■ **Work instructions**
Reproduce the listing below exactly, beginning with its first line and ending with the line that holds "Mass starvation of"; pictures are not part of the copy.

■ **Extracted data**

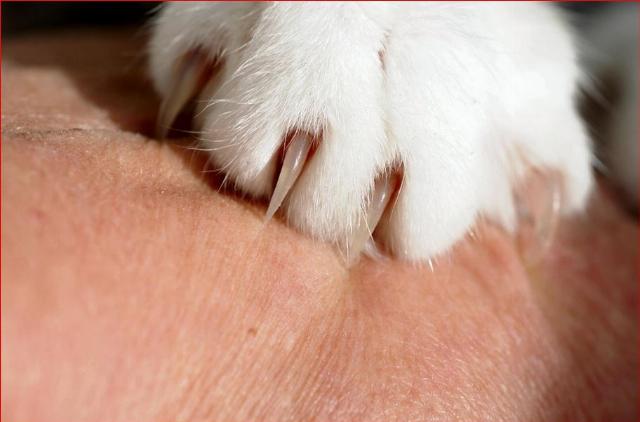 Cat claws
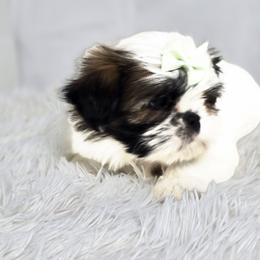Bambi - Tricolor female Shih Tzu puppy in Hialeah, Florida from Shih Tzu Miami
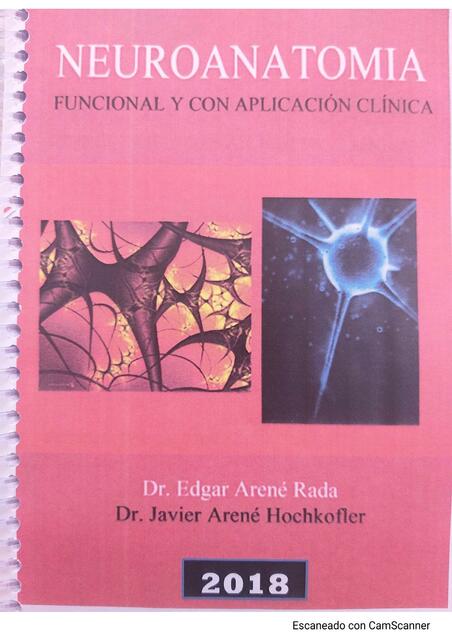 arene neuroanatomia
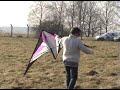 Cobra et petites choses
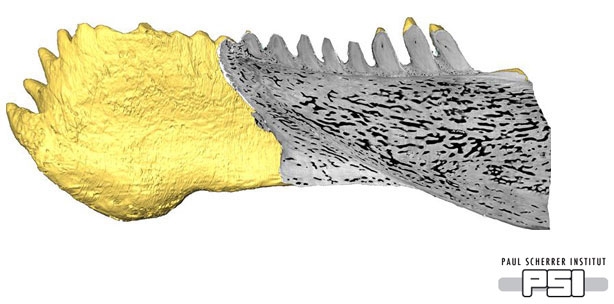 Der evolutionäre Ursprung unserer Zähne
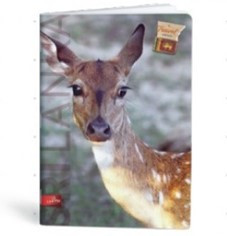 City Travel A4 kockás füzet, Sri Lanka/Őz (1 db)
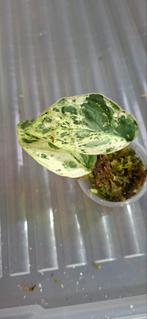 Scindapsus creme brulee, Ophalen of Verzenden, Halfschaduw, Minder dan 100 cm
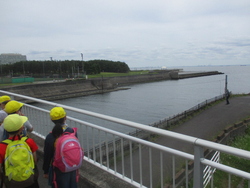 境川が東京湾につながっている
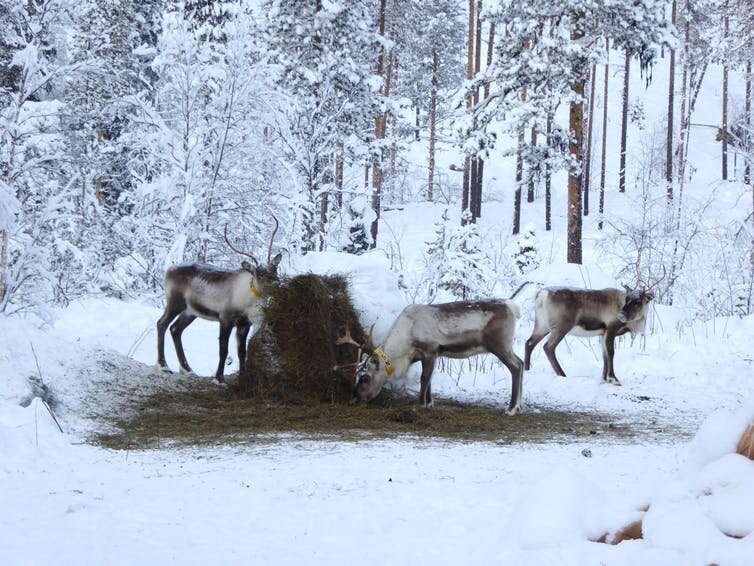 Mass starvation of reindeer linked to climate change and habitat loss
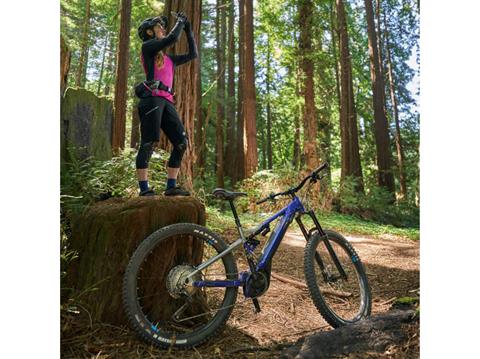 2023 Yamaha YDX-MORO Pro - Large in Saint Maries, Idaho - Photo 4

■ **Solution below**
 Cat claws
Bambi - Tricolor female Shih Tzu puppy in Hialeah, Florida from Shih Tzu Miami
 arene neuroanatomia
 Cobra et petites choses
 Der evolutionäre Ursprung unserer Zähne
 City Travel A4 kockás füzet, Sri Lanka/Őz (1 db)
 Scindapsus creme brulee, Ophalen of Verzenden, Halfschaduw, Minder dan 100 cm
 境川が東京湾につながっている
 Mass starvation of reindeer linked to climate change and habitat loss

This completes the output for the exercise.